What to do> Beginning with the line of the entries below that holds "How Secure Is" and ending with the line that holds "Armada Bolivariana", transcribe each line exactly as written. Pictures stay out.

Material supplied>
═══
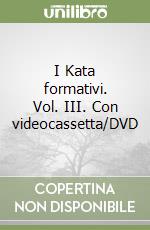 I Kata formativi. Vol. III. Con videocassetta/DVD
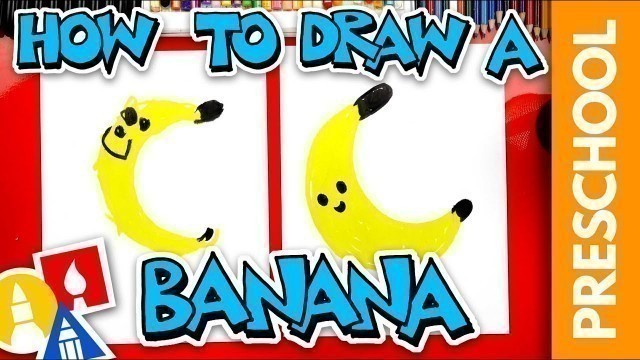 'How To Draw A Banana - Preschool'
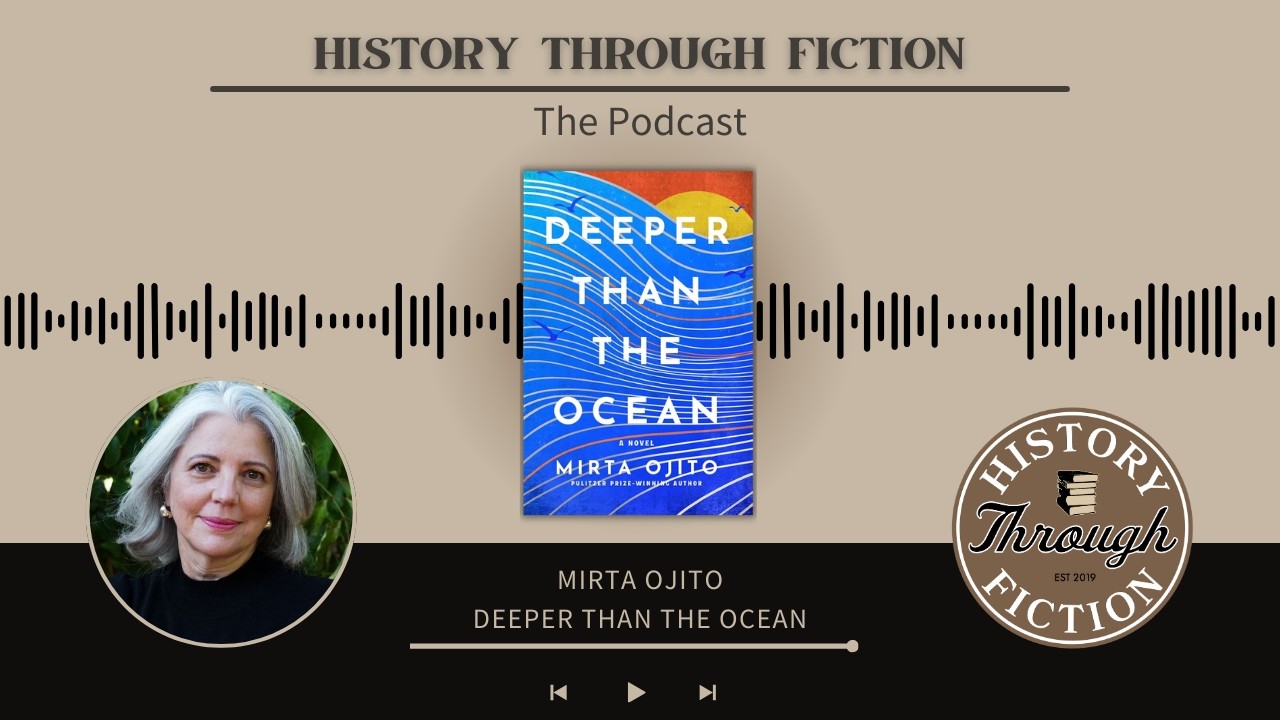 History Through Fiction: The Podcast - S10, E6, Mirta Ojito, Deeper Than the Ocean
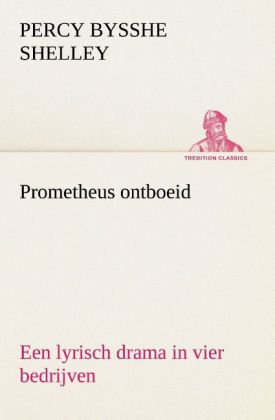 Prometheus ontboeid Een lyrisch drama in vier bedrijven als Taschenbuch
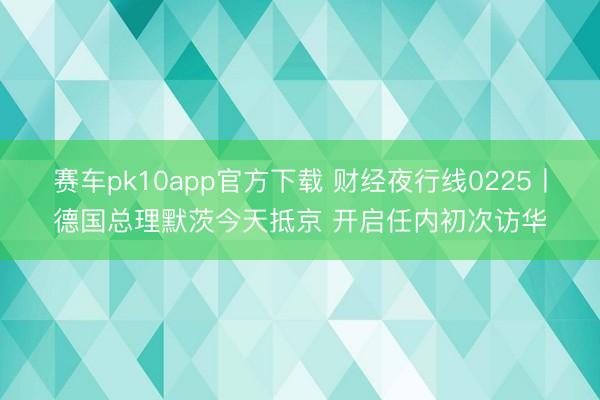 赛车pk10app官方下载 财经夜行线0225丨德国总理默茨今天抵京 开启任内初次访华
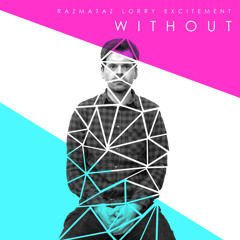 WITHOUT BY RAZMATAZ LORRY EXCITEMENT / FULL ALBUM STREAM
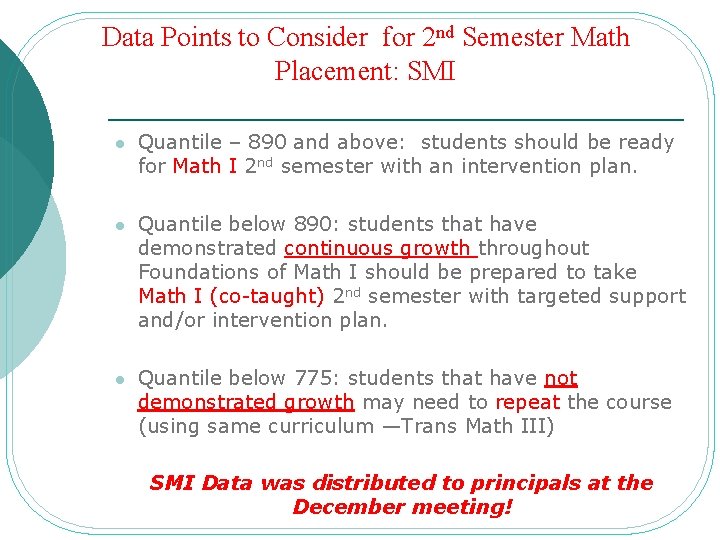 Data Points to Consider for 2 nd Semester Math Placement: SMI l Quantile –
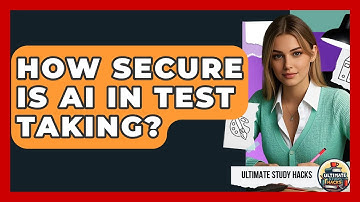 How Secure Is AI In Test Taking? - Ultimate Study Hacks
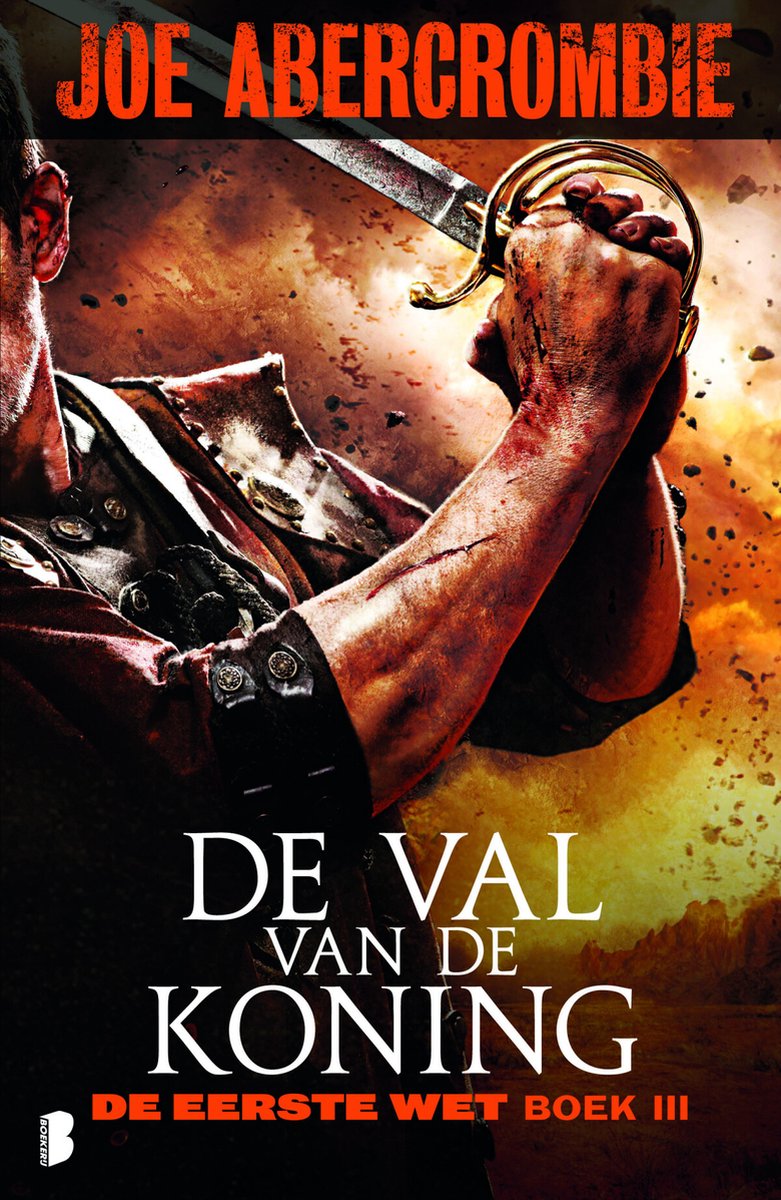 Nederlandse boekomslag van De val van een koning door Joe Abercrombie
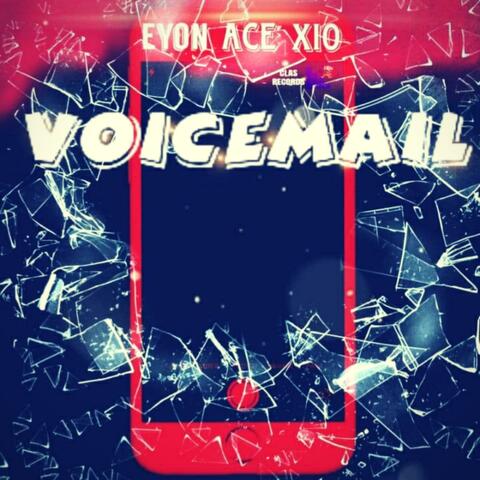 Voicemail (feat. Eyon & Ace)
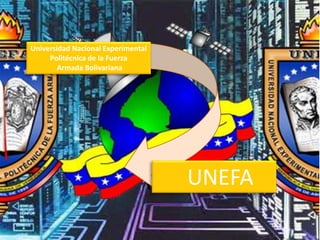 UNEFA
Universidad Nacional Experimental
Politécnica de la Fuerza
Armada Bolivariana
═══
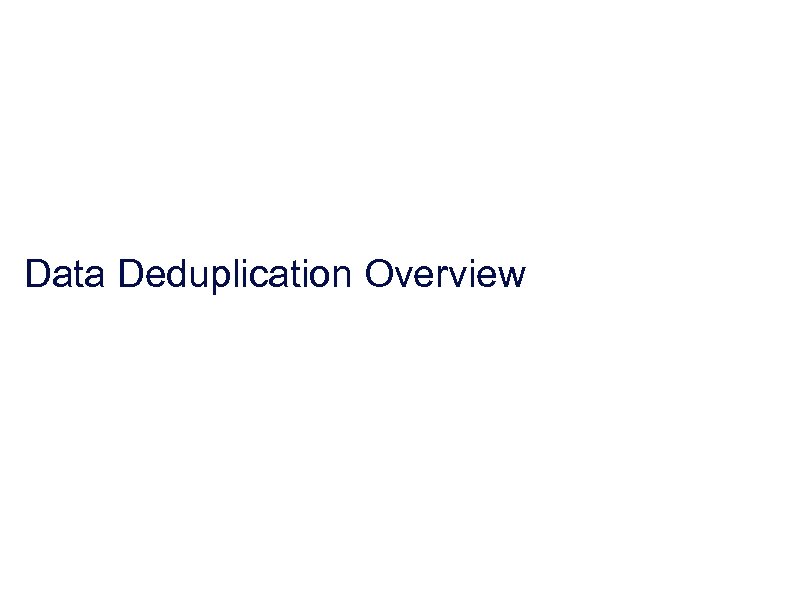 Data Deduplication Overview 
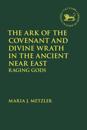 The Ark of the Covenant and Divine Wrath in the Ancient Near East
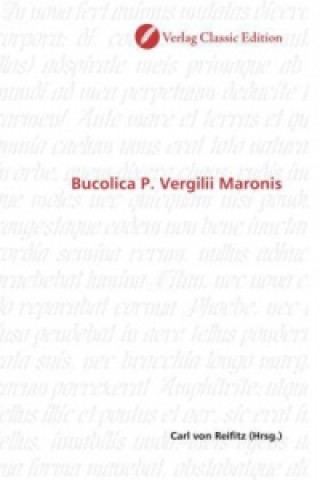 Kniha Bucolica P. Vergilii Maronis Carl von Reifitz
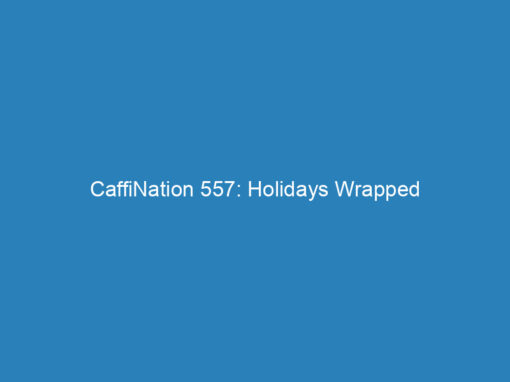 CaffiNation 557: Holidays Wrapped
═══
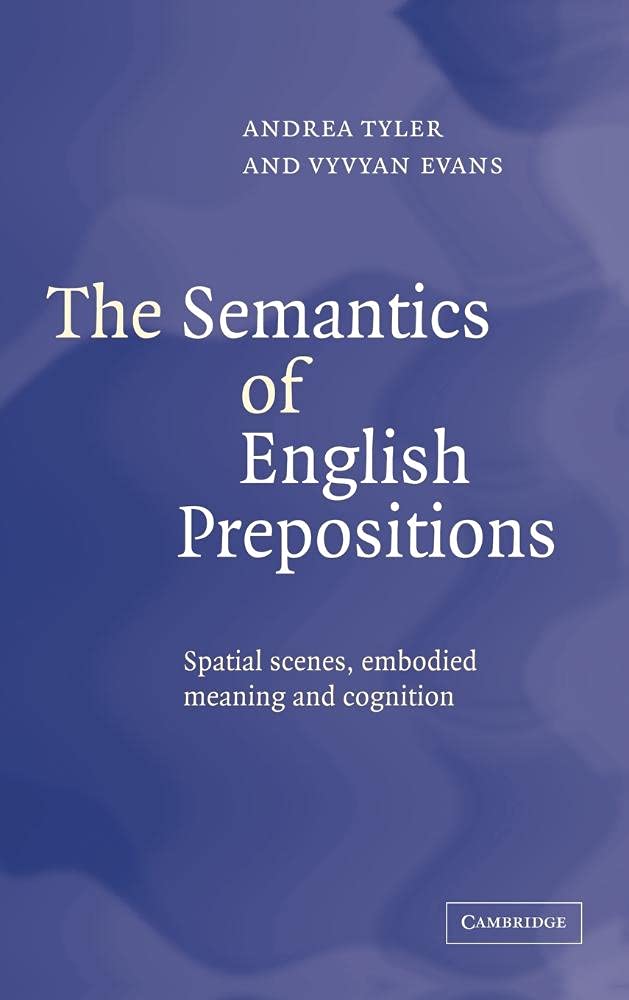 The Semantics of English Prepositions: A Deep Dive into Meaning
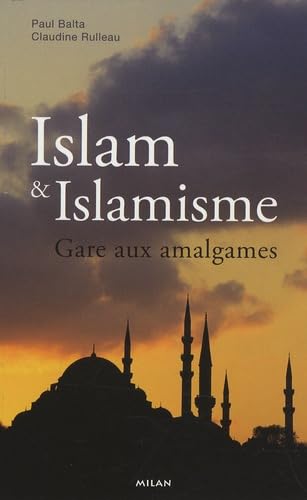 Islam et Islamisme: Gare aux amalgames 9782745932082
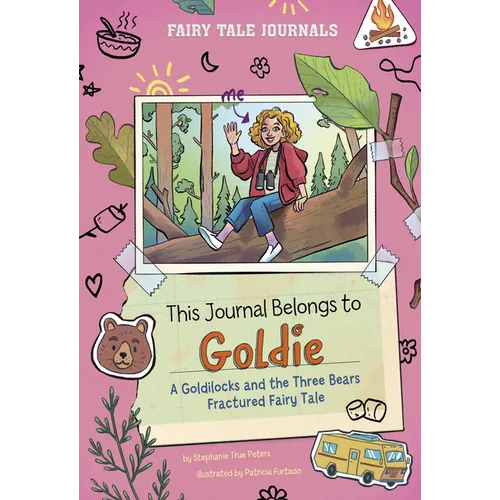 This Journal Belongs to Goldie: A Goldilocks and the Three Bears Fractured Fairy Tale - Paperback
═══
The answer>
 How Secure Is AI In Test Taking? - Ultimate Study Hacks
 Nederlandse boekomslag van De val van een koning door Joe Abercrombie
 Voicemail (feat. Eyon & Ace)
 UNEFA
Universidad Nacional Experimental
Politécnica de la Fuerza
Armada Bolivariana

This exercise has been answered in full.